This past weekend I spoke at Family Camp on the subject of Servanthood while those at EBC heard from Pastor Mark, Chaplain at Open House Ministries (you can watch the video he showed at the EBC services on Homelessness in Clark County here).

I thought I’d follow up on the challenges you received by sharing an excerpt from a sermon I preached before coming to EBC. It deals with what true meekness looks like. It is through meekness that we can become people that happily look to the needs of others.

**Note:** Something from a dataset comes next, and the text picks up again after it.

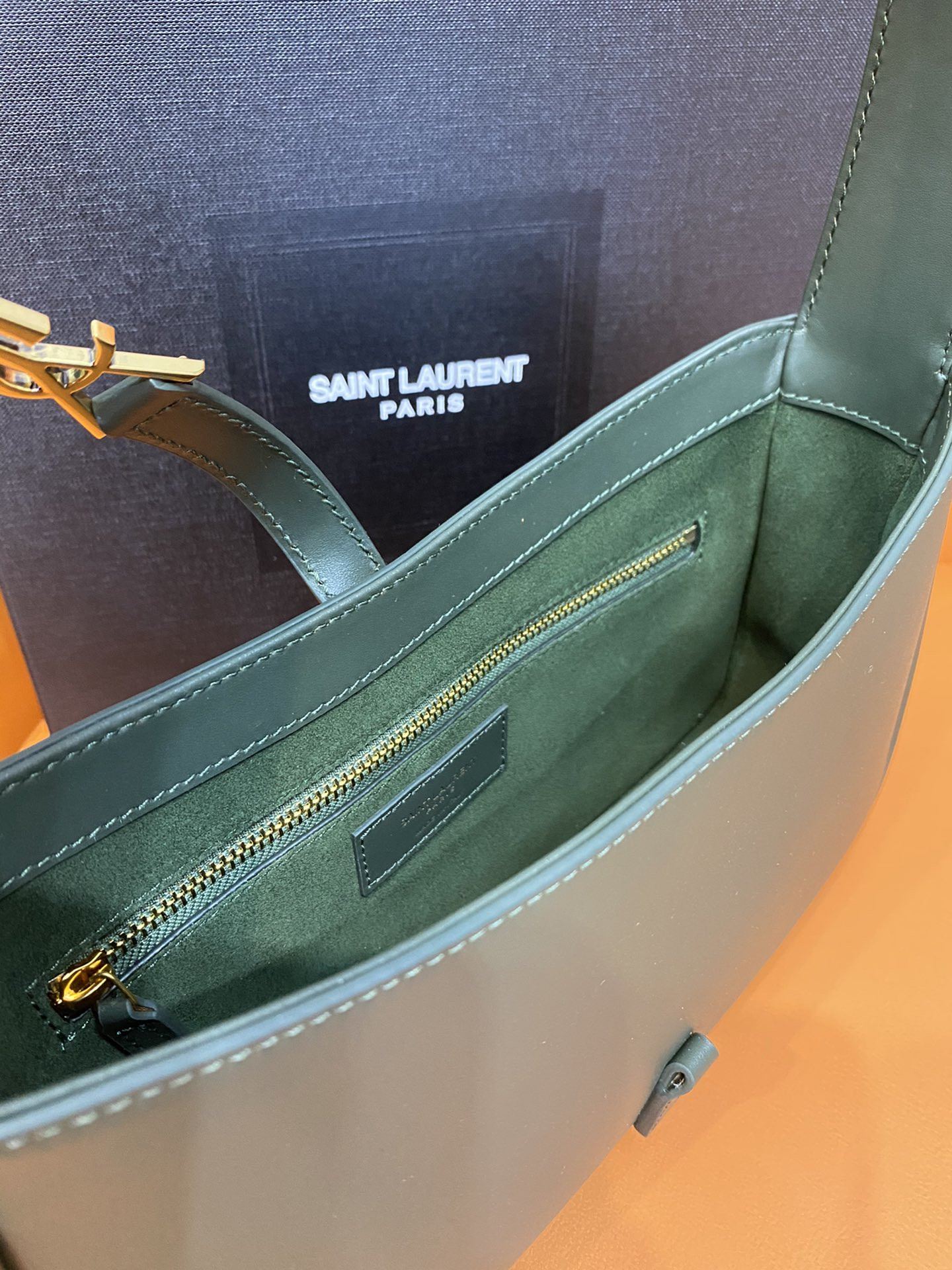 Y*L le 5 À 7 in smooth leather vert fonce 23 x 16 x 6.5 cm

“The Meek person sees Jesus’ submission and follows in His submissive footsteps. Thus, if God calls you to be a martyr one day, you may be able to answer this call in meekness. Your brokenness can keep you from crying out because of the injustice of it. You know that you deserve worse. You’ll be able to control yourself and keep from returning blows, and you’ll submit yourself to the plan of God for His glory. And you’ll rejoice in being able to join Paul in filling up the suffering of Jesus. This is a Meek person, the opposite of a weak person. This is a person who looks to Jesus who will one day return as a roaring lion, untamed but good.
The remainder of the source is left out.